From The Hollywood Reporter:
Original Films and Columbia Pictures are in final negotiations for a remake of the 1990 Arnold Schwarzenegger sci-fi action film,"Total Recall".
Carolco was behind the original film,which was distributed by TriStar.
Dimension picked up the rights,with intentions of doing a sequel.
Columbia secured and retained the rights from Miramax,when Harvey and Bob Weinstein left to start their own company.

http://www.hollywoodreporter.com/hr/content_display/news/e3i205e36d6d97550538e93ff0ac9df2d88

No word on who will star in the remake at this time.


----------



## Chris Blount (Jun 22, 2001)

Hmm, not sure what to think about this. I really enjoyed the original movie and hope they don't mess it up.


----------



## Stewart Vernon (Jan 7, 2005)

I've seen some remakes that were better... many that were worse... and some that were equally good but in different ways from the original.

But Total Recall strikes me as something that I can't see a reason to remake. I haven't read the book, so unless there are unexplored areas of the plot I am not sure why a remake would be in order.


----------



## Chris Blount (Jun 22, 2001)

Stewart Vernon said:


> I've seen some remakes that were better... many that were worse... and some that were equally good but in different ways from the original.
> 
> But Total Recall strikes me as something that I can't see a reason to remake. I haven't read the book, so unless there are unexplored areas of the plot I am not sure why a remake would be in order.

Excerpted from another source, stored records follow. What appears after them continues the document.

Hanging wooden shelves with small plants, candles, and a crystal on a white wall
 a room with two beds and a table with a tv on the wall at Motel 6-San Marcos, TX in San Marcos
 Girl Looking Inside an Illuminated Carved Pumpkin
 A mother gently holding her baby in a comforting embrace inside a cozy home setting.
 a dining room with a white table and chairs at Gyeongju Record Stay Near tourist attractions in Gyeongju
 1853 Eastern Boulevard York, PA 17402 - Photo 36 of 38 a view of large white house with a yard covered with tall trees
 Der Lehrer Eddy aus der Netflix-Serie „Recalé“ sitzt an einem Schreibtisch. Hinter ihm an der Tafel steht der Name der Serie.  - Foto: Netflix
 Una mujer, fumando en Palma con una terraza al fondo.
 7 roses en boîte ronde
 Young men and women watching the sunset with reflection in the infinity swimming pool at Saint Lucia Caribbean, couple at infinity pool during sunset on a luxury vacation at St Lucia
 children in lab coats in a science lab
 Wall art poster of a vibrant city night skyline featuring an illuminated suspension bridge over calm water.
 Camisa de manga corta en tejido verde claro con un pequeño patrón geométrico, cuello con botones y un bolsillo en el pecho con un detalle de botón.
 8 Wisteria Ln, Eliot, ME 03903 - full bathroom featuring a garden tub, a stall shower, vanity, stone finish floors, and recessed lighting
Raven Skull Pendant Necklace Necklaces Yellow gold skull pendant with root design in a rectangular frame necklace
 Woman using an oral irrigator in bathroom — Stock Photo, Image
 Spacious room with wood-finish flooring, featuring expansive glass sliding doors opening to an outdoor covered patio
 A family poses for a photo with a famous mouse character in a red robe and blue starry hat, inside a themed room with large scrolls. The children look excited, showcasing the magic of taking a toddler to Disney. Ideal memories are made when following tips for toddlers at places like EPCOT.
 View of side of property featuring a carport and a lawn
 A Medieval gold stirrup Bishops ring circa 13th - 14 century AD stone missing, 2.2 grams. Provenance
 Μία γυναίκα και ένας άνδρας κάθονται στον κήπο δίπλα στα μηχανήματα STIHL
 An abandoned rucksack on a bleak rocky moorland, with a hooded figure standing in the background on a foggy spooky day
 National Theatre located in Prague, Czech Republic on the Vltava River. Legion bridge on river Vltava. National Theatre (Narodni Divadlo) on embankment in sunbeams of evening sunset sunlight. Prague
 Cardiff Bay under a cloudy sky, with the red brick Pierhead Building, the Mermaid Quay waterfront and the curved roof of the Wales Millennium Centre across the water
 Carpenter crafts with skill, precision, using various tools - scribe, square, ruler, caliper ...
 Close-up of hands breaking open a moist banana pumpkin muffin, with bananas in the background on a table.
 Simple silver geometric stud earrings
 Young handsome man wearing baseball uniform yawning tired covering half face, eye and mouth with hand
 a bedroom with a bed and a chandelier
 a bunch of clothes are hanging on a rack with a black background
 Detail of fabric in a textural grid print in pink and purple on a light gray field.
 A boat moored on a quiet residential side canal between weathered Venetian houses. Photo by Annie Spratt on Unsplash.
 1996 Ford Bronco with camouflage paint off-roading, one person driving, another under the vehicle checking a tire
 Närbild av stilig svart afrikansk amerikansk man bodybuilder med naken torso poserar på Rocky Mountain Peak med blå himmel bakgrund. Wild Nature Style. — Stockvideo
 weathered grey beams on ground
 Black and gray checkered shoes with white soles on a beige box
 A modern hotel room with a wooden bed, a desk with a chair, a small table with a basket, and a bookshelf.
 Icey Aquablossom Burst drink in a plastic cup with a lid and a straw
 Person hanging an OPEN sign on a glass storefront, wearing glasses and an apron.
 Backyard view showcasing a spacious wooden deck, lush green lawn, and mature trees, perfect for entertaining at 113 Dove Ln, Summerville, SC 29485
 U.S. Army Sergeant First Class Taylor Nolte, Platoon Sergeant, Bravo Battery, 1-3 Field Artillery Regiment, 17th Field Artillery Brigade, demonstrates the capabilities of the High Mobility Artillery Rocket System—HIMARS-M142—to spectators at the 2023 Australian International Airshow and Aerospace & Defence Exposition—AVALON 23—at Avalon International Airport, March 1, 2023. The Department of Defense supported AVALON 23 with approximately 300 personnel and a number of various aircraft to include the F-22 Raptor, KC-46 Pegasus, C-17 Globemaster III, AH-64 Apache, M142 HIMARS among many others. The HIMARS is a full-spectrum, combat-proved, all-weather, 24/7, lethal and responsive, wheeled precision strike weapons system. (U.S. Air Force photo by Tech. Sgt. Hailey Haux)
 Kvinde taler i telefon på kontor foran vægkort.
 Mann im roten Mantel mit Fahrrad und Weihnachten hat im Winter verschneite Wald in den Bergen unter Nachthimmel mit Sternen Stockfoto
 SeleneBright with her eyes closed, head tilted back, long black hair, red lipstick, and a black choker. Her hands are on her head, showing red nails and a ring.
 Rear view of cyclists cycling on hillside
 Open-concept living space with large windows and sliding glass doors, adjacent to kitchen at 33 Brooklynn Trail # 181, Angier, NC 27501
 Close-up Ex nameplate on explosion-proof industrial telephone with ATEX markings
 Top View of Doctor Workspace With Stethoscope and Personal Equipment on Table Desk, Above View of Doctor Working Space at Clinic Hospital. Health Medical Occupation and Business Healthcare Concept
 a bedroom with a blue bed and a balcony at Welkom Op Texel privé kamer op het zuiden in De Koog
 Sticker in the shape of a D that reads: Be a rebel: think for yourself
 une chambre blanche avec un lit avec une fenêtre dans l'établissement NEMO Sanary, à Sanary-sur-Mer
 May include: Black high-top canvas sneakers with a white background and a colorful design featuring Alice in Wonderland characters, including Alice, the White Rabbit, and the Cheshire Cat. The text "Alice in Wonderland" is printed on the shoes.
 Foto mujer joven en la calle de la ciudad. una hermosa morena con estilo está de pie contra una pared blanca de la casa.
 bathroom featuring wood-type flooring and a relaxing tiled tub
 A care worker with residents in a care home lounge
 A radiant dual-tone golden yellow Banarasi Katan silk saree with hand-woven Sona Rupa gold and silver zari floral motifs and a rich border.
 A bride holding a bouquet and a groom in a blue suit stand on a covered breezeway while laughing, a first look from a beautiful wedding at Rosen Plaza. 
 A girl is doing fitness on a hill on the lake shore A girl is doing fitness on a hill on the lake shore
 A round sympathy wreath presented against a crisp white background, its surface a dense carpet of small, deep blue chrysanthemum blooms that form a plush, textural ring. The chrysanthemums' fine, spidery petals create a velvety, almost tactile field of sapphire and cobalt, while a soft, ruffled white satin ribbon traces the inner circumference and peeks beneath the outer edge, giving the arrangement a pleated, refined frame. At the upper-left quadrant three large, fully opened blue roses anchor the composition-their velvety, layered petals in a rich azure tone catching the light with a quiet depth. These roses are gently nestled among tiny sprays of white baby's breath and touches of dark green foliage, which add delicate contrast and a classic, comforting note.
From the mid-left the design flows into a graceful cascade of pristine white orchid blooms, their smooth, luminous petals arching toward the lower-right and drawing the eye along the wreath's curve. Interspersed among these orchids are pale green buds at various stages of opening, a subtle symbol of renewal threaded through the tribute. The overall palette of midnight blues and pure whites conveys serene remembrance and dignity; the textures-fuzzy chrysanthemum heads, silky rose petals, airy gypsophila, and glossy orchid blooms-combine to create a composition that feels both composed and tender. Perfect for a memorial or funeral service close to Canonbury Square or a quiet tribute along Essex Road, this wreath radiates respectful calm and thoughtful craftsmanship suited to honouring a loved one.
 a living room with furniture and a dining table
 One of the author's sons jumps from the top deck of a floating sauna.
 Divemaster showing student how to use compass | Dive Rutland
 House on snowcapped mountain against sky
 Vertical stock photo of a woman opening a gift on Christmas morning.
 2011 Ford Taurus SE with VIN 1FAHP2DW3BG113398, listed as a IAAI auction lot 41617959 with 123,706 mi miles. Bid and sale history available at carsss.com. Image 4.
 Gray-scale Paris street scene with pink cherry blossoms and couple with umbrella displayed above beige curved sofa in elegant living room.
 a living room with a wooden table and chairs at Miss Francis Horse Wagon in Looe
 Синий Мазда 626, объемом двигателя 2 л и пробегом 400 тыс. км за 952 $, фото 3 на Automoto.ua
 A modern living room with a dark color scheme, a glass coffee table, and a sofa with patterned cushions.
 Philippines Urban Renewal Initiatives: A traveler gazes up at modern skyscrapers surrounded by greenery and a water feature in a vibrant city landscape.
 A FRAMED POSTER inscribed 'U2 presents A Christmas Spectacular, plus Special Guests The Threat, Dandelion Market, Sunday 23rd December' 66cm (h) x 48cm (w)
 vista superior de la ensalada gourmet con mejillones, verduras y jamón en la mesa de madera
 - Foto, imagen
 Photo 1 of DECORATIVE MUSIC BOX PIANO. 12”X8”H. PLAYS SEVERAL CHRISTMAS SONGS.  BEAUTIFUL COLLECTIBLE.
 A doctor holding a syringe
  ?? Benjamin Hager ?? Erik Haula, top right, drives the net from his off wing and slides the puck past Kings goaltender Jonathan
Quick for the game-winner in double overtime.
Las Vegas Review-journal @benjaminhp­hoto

Maybe the aliens come back and wonder why their machine was turned on.


----------



## Stuart Sweet (Jun 19, 2006)

I think there's some room for them to go back to the original source material and make something that's darker and more thought-provoking. Philip K. Dick is a favorite author of mine and movies from his source material range from the brilliant _(Blade Runner)_ to the truly awful _(Paycheck)_. Perhaps the truest adaptation of his vision was _A Scanner Darkly_ which had some problems as a film but really got the tone and vision right.


----------



## mikep554 (Feb 14, 2007)

While I found it mildly entertaining, it got waaayyyy too campy. Of course, some of that might have been budget related. Imagine the Total Recall story, but done like Blade Runner or Minority Report. Total Recall should have been a lot scarier and more awe inspiring than it was. Blade Runner made hanging out on a street corner in LA look more like being on another planet than going to Mars. Something not right there.


----------